[Dataset items]
- - - -

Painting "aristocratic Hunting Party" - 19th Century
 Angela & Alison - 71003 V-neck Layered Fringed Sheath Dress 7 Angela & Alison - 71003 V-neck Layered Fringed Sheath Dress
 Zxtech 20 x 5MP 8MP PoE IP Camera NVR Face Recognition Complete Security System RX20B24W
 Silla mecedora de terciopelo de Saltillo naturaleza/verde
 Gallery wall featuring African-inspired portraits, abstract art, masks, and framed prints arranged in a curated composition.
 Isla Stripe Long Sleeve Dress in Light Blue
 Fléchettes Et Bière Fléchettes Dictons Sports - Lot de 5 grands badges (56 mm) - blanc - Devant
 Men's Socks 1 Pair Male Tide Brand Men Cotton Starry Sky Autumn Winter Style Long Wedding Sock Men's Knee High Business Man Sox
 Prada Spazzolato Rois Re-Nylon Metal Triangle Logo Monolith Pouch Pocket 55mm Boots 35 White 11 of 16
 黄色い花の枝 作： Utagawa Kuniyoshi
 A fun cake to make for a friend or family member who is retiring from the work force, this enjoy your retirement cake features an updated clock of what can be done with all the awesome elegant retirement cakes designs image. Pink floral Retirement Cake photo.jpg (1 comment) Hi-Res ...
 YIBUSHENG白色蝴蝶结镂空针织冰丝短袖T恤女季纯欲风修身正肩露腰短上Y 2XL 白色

- - - -

• _Assignment_:
Each line above that contains "Long" must be copied out.

• _Final answer_:
 Isla Stripe Long Sleeve Dress in Light Blue
 Men's Socks 1 Pair Male Tide Brand Men Cotton Starry Sky Autumn Winter Style Long Wedding Sock Men's Knee High Business Man Sox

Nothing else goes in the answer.